En 2017, le marathon de Bruxelles avait défrayé la chronique en attribuant initialement 1000 euros de récompense au vainqueur masculin et 300 euros à la gagnante. Quatre ans plus tard se déroulait la première course cycliste « Paris-Roubaix » pour les femmes. À l’issue de celle-ci, la gagnante remportait la somme de 1535 euros. De son côté, le gagnant de la course masculine empochait 30 000 euros… soit un différentiel de 28 465 euros ! En football, les primes individuelles versées lors des « Euro » de 2021 pour les hommes et 2022 pour les femmes affichaient une différence flagrante. Chaque Diable rouge (équipe masculine) a touché un montant estimé à 170 000 euros tandis que chaque Red Flames (équipe féminine) aurait touché entre 20 000 et 30 000 euros. Les montants ne sont pas non plus les mêmes concernant les primes de participation, les primes de victoire ou de qualification octroyées à la fédération belge de football en fonction des prestations des deux équipes.

Le football, comme la plupart des sports d’équipe, est un domaine où les inégalités financières sont les plus marquées. Le tennis, le surf, l’athlétisme ou encore le patinage font partie des disciplines qui offrent les récompenses les plus équitables aux athlètes.
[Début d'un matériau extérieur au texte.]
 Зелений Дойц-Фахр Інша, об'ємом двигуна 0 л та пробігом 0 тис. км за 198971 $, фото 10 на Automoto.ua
Quand les sponsors font la loi

Outre les primes, une importante source de moyens financiers pour les sportives·ifs, les équipes, les clubs et les fédérations réside dans le sponsoring. En échange de l’apposition de leur logo et de la mention de leur nom sur divers supports, certaines entités telles que des marques de vêtement, de boisson, de téléphonie, de voiture, des banques ou des sociétés d’assurance, sont prêtes à investir des sommes plus ou moins conséquentes dans le sport. Au plus un sport sera médiatisé, au plus il attirera l’argent des sponsors qui auront ainsi la garantie que leur nom et leur image seront vues par le public, donc par de potentiel·le·s acheteuses·eurs. En retour, l’argent du sponsoring permettra aux athlètes de bénéficier de meilleurs équipements, meilleures installations, meilleures rémunérations, meilleurs transports, meilleur encadrement (coaching, suivi médical, arbitrage), etc. Autrement dit, la possibilité d’exercer leur discipline dans des conditions favorables à la progression et aux victoires. Le cercle vicieux est bien rodé : les sportives, moins médiatisées que les hommes, récoltent moins de sponsors. La pratique féminine peine à se développer, à progresser et à gagner en notoriété… auprès du tout public et des sponsors.

Sportives à temps partiel

En l’absence de financements corrects, de nombreuses sportives de haut niveau doivent occuper un emploi sur le côté. Beaucoup jonglent aussi avec des études et formations pour préparer la fin de leur carrière sportive. Certaines ne peuvent s’en sortir sans aides publiques, par exemple une aide au logement. Elles ne peuvent dès lors se consacrer pleinement à la pratique sportive. Leur quotidien est morcelé par d’autres obligations liées à leur job « d’à-côté », aux démarches administratives, à la famille, à la recherche de sponsors à convaincre, à la négociation de meilleures conditions pour le sport féminin. Dans quelle mesure la charge mentale, bien connue des femmes, impacte-t-elle la concentration et la performance des sportives ? En outre, comment progresser quand on a un temps restreint à dédier aux entrainements individuels et collectifs, mais aussi à s’alimenter, se reposer et prendre soin de sa santé physique et mentale ? Autant de facteurs indispensables à toute pratique sportive intense et régulière.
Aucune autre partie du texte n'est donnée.